7. Security awareness and phishing defense
- Educate employees about phishing and malware campaigns, especially those that exploit remote work themes.
- Reinforce simple rules: don’t click unknown links, don’t open unexpected attachments, and be skeptical of credential requests.
8. IT support and home environment checks
- Offer proactive IT support to help employees secure home networks and IoT devices.
- Use monitoring tools (where appropriate and transparent) to identify outdated software, weak passwords, and other vulnerabilities.
By combining these technologies with clear policies and training, you can reimagine your security posture for a remote-first environment without overcomplicating the toolset.
How should we manage company vs. personal devices for remote work?
Think about device strategy in two layers: what you ideally want (company devices) and what you realistically need to manage (personal devices).
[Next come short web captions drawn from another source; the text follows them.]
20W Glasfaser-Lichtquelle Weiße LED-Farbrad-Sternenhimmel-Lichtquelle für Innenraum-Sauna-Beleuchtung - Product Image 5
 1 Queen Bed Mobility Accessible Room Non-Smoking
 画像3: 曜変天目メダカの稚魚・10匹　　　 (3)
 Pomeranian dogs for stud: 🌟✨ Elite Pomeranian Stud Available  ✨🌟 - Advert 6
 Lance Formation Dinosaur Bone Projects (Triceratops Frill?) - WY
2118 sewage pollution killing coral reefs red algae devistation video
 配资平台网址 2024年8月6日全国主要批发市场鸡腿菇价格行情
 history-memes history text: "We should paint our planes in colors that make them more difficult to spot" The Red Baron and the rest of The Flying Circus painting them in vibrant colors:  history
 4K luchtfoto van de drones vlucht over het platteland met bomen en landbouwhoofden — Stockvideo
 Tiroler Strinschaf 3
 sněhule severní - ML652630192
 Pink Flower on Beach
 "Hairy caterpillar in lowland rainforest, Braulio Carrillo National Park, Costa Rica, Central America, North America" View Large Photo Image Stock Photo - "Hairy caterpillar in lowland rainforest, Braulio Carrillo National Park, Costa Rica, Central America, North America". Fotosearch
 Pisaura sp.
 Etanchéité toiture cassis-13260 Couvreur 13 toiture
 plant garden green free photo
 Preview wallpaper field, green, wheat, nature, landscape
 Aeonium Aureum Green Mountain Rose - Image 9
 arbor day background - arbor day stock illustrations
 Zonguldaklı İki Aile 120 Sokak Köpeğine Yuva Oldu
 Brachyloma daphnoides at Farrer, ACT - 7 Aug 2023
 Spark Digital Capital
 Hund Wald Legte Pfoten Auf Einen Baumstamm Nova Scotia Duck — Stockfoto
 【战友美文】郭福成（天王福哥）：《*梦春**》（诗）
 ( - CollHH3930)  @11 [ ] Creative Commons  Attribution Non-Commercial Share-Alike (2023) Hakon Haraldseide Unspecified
1. Prioritize company-issued devices
Where budget allows, supply work-only laptops and phones:
- Preconfigure them with firewalls, encryption, endpoint protection, and content filtering.
- Lock down admin rights so users can’t install risky software.
- Monitor for unusual behavior and ensure regular patching.
Benefits:
- Smaller, more controlled attack surface.
- Easier compliance with data protection requirements.
- Clear separation between personal and work use.
2. Set clear rules for personal device use (BYOD)
In many organizations, BYOD is unavoidable, especially as remote work continues. To reduce risk:
- Require basic protections: strong passwords, screen locks, and up-to-date antivirus.
- Prohibit or limit storing sensitive company data on personal devices.
- Restrict copying data to USB drives or unmanaged cloud services (e.g., personal Dropbox or Google Drive).
- Clarify what IT can and cannot see or manage on personal devices to maintain trust.
3. Control data movement
- Use technical controls to prevent downloading or syncing sensitive files to unmanaged devices.
- Consider virtual desktops or browser-based access for high-risk roles so data stays in the corporate environment.
4. Plan for lost, stolen, or retired devices
- Define procedures for reporting lost or stolen devices quickly.
- Use remote wipe or access revocation for company-managed devices.
- Remind employees that selling, handing down, or discarding personal devices that contain work data can expose the company.
5. Support and training
- Provide simple guidance on how to secure home devices and networks.
- Include device and data handling scenarios in annual security training.
By reshaping your approach around managed company devices as the default and tightly governed BYOD as the exception, you can protect sensitive information while still giving employees the flexibility they need to work effectively from anywhere.